Could you filter the material and copy every line where the word "Metal" occurs?

****************

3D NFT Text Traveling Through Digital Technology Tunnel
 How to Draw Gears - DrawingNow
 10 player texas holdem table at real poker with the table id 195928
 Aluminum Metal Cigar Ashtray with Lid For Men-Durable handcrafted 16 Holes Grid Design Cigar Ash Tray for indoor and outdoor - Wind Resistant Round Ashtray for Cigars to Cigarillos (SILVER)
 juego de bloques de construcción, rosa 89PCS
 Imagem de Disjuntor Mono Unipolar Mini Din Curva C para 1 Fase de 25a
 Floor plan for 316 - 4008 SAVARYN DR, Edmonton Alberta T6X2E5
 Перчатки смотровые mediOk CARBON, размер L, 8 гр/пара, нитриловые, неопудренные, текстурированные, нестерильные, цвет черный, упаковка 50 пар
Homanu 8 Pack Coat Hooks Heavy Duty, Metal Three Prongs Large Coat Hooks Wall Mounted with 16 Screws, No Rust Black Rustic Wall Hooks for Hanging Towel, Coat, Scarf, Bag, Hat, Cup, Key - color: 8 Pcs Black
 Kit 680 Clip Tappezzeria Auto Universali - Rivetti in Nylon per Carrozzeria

****************

● Task response:
 Aluminum Metal Cigar Ashtray with Lid For Men-Durable handcrafted 16 Holes Grid Design Cigar Ash Tray for indoor and outdoor - Wind Resistant Round Ashtray for Cigars to Cigarillos (SILVER)
Homanu 8 Pack Coat Hooks Heavy Duty, Metal Three Prongs Large Coat Hooks Wall Mounted with 16 Screws, No Rust Black Rustic Wall Hooks for Hanging Towel, Coat, Scarf, Bag, Hat, Cup, Key - color: 8 Pcs Black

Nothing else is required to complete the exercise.